1  Mr Walker you can remain seated whilst I read my reasons. I will ask you to stand at the end when I formally pass sentence on you. In 1976, as a 27 year old, newly ordained Catholic priest, you Russell Walker were appointed assistant priest to a parish in Melbourne’s then rapidly growing outer south eastern suburbs. You then went by the name of Fr Russell Vears.

2  Within a year of your arrival in the parish, you began sexually abusing two 14 year old boys. Their families were active members of the congregation, and they were both altar boys. As a result you had easy access to them, and were trusted by them and their families.
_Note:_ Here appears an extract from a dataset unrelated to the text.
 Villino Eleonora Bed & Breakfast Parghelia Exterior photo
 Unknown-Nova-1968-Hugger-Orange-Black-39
3  You have admitted sexually assaulting one of the boys on two separate occasions during the first year of your tenure at that parish. Your misconduct in respect to the other boy was more extensive and protracted. It continued for some years. By the third year of your tenure, the parents of that boy came to suspect that you had a sexual interest in their son and further, that you had acted on it. They confronted you and you angrily counter attacked, saying to them, in the boy’s hearing, “How dare you accuse me of sleeping with your son”.

4  Despite the confusion caused by your response, the boy knowing that you, a priest had lied, and the parents cowed by the apparently outraged response of a priest, the holder of a holy office that they had been brought up to respect, believe and obey. The boy soon after confirmed to his mother that what she and her husband had suspected was true and that you had been sexually abusing him. Given your initial response, it is not surprising that she sought help and protection from higher up the church hierarchy. She reported the matter to the then Archbishop of Melbourne.
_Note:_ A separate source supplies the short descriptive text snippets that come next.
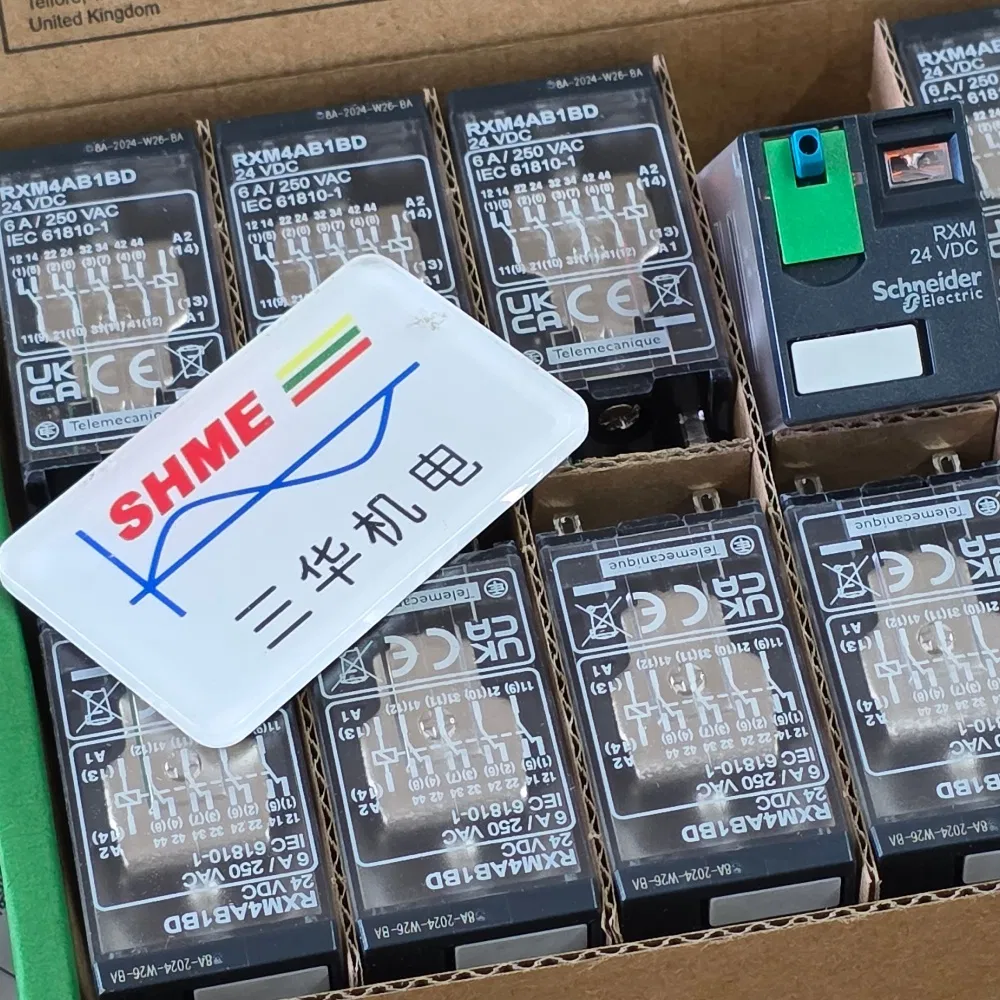 Schneider / Harmony Emergency Stop / Xb2BS542c / Xb2BS542c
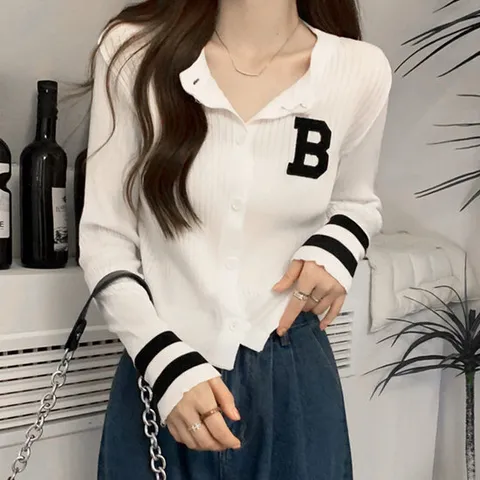 [SALE 가격인하] B 자수패치 골지 긴팔 가디건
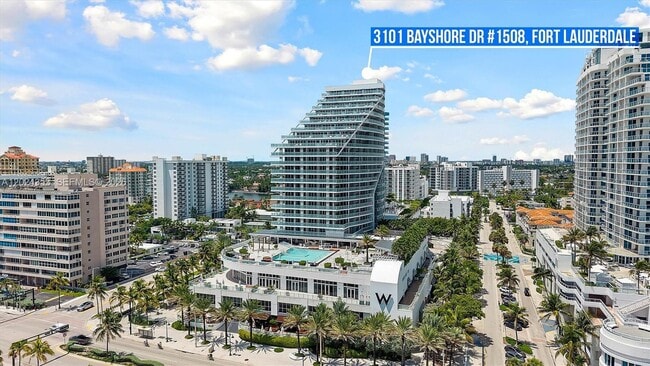 Building Photo - 3101 Bayshore Dr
5  Although you are not to be punished for the institutional response, what happened next was scandalous, no less so because, as is now abundantly clear, this boy was not the only victim of clerical abuse in the Melbourne archdiocese, nor the only victim whose welfare was ignored whilst the church took active steps to protect the priest and itself. Although not a single step was taken by the church to protect the victim, to offer him counselling or support, or to report the complaint of sexual abuse by one of its ordained priests of a child in his pastoral care to the police, you were warned a complaint had been made and shortly thereafter transferred to a nearby parish.
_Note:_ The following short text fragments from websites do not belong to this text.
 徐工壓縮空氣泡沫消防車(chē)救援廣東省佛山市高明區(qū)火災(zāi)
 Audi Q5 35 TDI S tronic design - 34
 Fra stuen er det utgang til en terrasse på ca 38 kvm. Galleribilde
6  Your response when warned was not to admit wrongdoing, apologise, surrender yourself to the police or even leave the child alone. Instead, in what can only be seen as a demonstration to the victim and his parents of their powerlessness and a flaunting of your sense of impunity, you confronted the mother after mass the very next Sunday. You challenged her for having taken the matter to the Archbishop, and you continued to sexually abuse the boy. On the agreed facts you had 2 more sexual encounters with him after that, one, before your transfer in the presbytery of the original parish and the other, having told the boy you did not want the head priest of the new parish to catch you, not at the new presbytery, but in a motel booked by you for the purpose of the sexual encounter.

7  It was not until 35 years later, in November 2011, that the first of the victims that I have referred to made a formal complaint to the police and an investigation commenced. When arrested and told of the complaint made by the first victim, you volunteered the name of your second victim and you made admissions of sexually abusing each of them. Your second victim was then approached by the police. Like the first victim, he had, when in his 30’s and 40’s confided in family members and counsellors, but it was not until he was approached by the police in January 2012 that he too disclosed to the police for the first time, what you had done to him.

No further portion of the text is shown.